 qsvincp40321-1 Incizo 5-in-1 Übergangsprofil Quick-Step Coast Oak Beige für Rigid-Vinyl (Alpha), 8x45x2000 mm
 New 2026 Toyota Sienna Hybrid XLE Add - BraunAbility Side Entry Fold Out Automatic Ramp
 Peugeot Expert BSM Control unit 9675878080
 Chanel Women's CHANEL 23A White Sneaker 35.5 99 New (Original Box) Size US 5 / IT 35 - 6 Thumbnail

--

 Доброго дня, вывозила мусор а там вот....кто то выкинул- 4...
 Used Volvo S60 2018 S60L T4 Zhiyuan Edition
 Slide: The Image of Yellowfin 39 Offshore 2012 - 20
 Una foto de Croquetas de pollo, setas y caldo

* * *

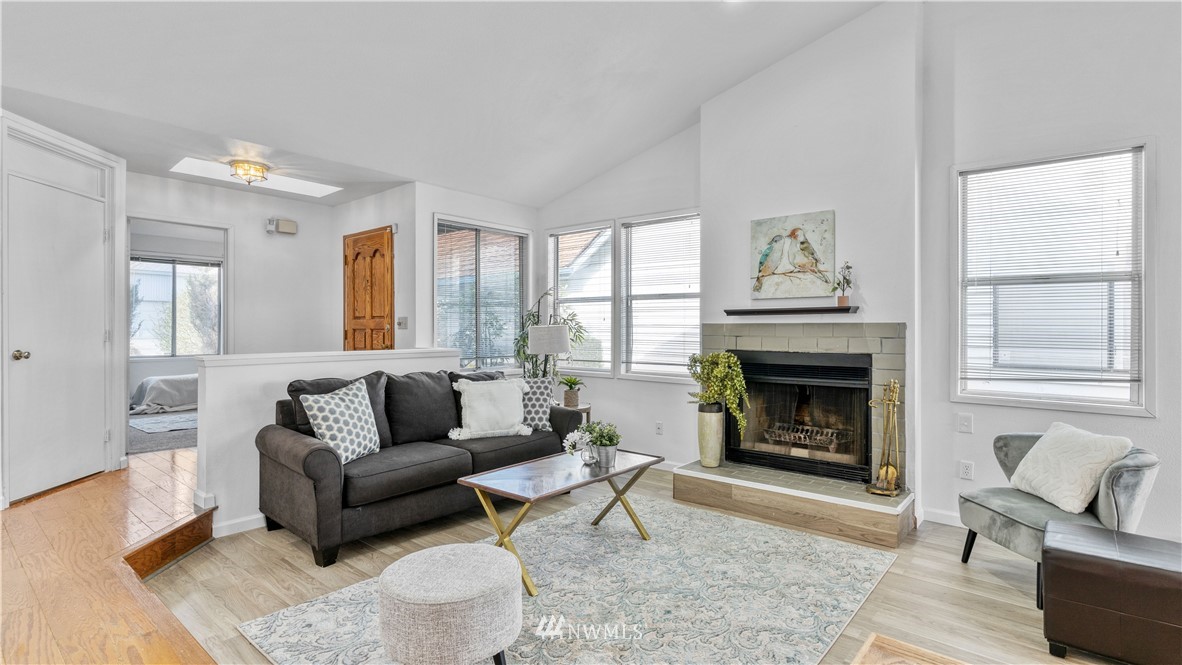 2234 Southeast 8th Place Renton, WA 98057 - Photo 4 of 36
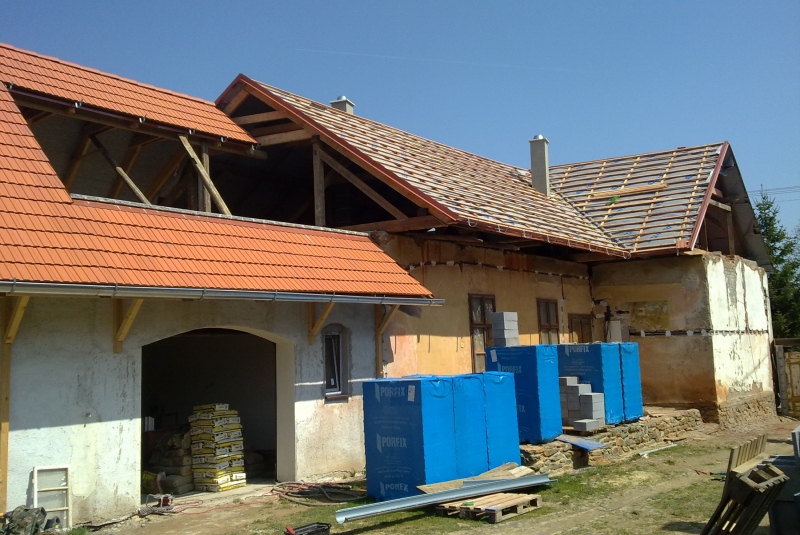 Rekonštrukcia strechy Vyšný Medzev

## Problem description
Here the job is to set down exactly the lines of the material above that fall between the one with "Доброго дня, вывозила" and the one with "Una foto de", inclusive, and nothing beyond them.

## Finished task
 Доброго дня, вывозила мусор а там вот....кто то выкинул- 4...
 Used Volvo S60 2018 S60L T4 Zhiyuan Edition
 Slide: The Image of Yellowfin 39 Offshore 2012 - 20
 Una foto de Croquetas de pollo, setas y caldo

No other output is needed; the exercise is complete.